Given data:
•••••

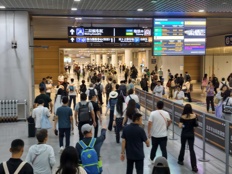 国庆“返程模式”开启，各地多举措保障通行顺畅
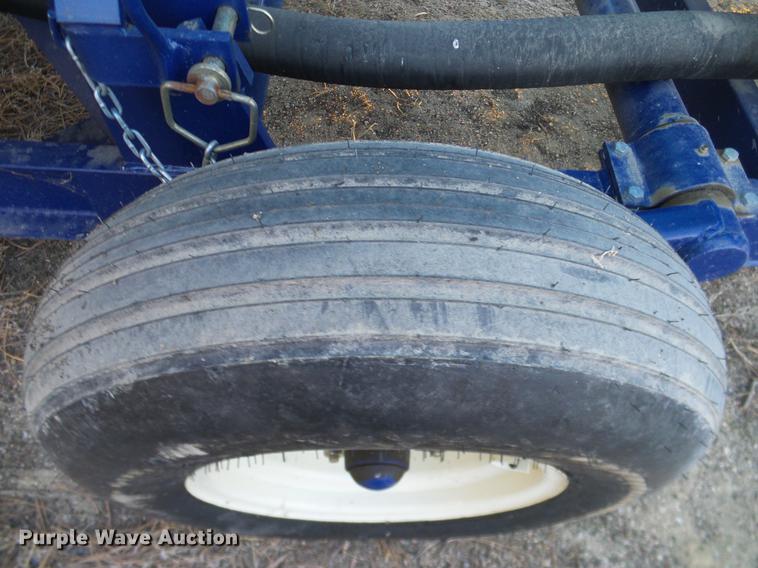 image for item DC8333 2010 JD Skiles triple tip tank trailer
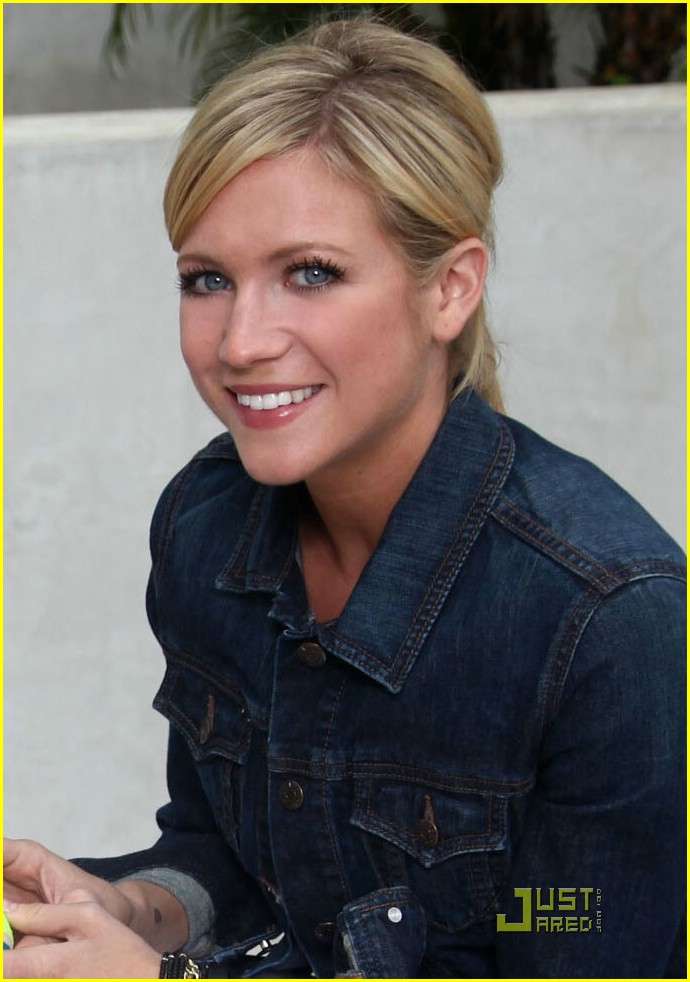 brittany snow bbq beauty 06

•••••

Please copy out the whole listing exactly as it stands, minus the pictures.

 国庆“返程模式”开启，各地多举措保障通行顺畅
 image for item DC8333 2010 JD Skiles triple tip tank trailer
 brittany snow bbq beauty 06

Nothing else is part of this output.